Here are my notes from Pat Shaughnessy's talk in RuPy 2013 about garbage collection in Ruby and Python.
- Ruby and Python are very similar languages, so GC probably similar too?
- Why talk about GC? Run code faster. Chance to look at some of the more interesting algorithms in CS. Some very old, some new - Rubinius' GC algorithm was invented in 2008.
- Garbage collectors do much more than just collect garbage. Three things: Allocate memory, identify which objects are garbage, reclaim the memory from the identified garbage.
- Body metaphor: We usually write business logic - the brain. GC is the beating heart: Provides memory, new objects, blood and nutrients. If your heart stops beating, you die. If your GC slows down (high blood pressure, clogged arteries), you suffer.
- The free list, one of the oldest CS algorithms out there.
- Invented by John McCarthy - a giant of computer science. Invented LISP. Worked at MIT. Also invented garbage collection. Explained in paper "Recursive Functions of Symbolic Expressions And Their Computation By Machine, Part I"
- Surprising thing about Ruby: Create an object, nothing really happens.
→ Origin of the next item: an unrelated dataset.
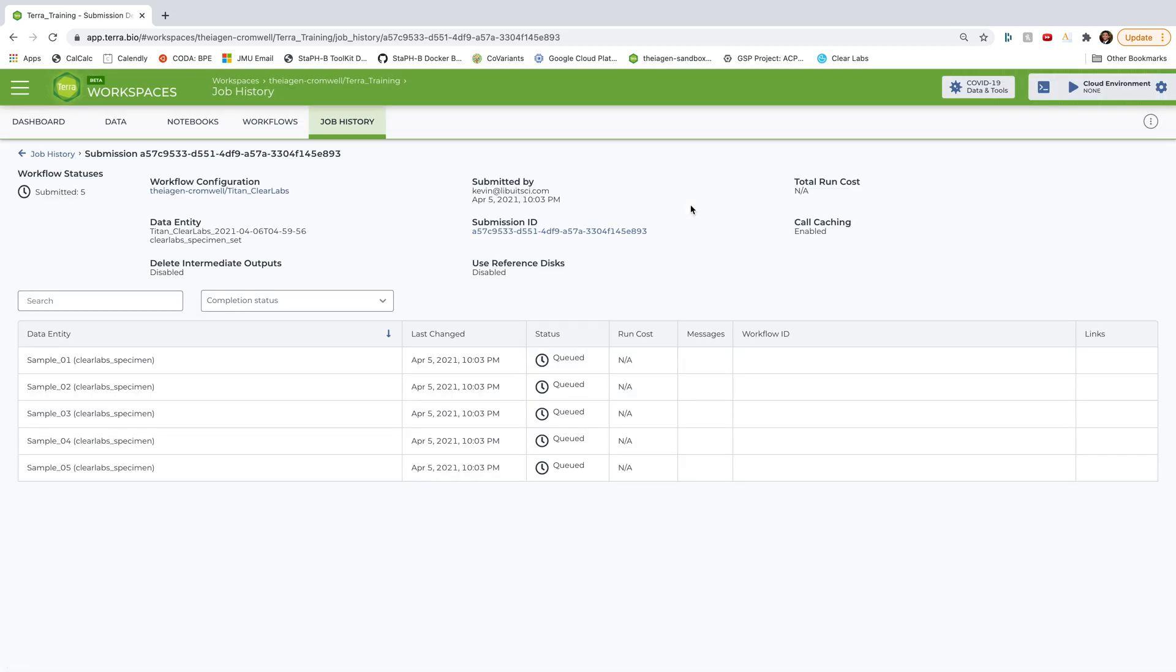All right. And boom, the analysis is initiated and we are generating SARS-CoV-2 consensus assemblies, gathering the QC metrics associated with both the read data and the assemblies themselves, and performing lineage and clade typing for these five samples.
Before your code even executes, it creates about 10000 objects, "r-value structures", in a linked list. When you create an object, Ruby doesn't have to do anything, it just takes on thing off the list.
- Python also uses a free list internally, but not like Ruby, just for recycling. It actually allocates memory when you create an object.
Identify And Reclaim
- In Ruby, when objects are left behind, they just sit there. It's like living in a dirty house, no one cleans up. Everything just lies around.
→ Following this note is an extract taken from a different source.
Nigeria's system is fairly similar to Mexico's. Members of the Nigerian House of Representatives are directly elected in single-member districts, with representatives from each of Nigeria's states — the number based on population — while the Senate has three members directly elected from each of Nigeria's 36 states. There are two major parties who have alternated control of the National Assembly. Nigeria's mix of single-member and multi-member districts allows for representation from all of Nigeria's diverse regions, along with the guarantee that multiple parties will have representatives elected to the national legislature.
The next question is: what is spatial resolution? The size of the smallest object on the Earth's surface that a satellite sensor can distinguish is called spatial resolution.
- Python does reference counting, like living in a very clean house. People are organized. Explained in paper "A Method for Overlapping And Erasure of Lists" by George Collins. Every time you create an object, Python saves a number inside the object. The reference count. A count of how many pointers point to that object. Initially 1. Create another reference, gets incremented. Remove a reference, decrements. GC comes alive immediately when it reaches zero - cleaned up right away. GC happens continuously over time, no pauses/gaps.
- Ruby's problem with free list that it'll run out. When that happens, Rub has to run a garbage collections. Uses mark and sweep: First, stops your code, the whole application, for a fairly long time. Marks objects as active (from Ruby 2.0 on using "bitmap marking"). Then walks through pointers (through object graph), unmarked objects go back on the free list, recycled back to the application. Objects don't die, they get "reincarnated to a new life". There's also "lazy sweeping", which only does a partial sweep.
- Create a list in python, then set it to None. It has to recursively figure out what's in the list and decrement its references too. Could cause a pause if it's a very big list.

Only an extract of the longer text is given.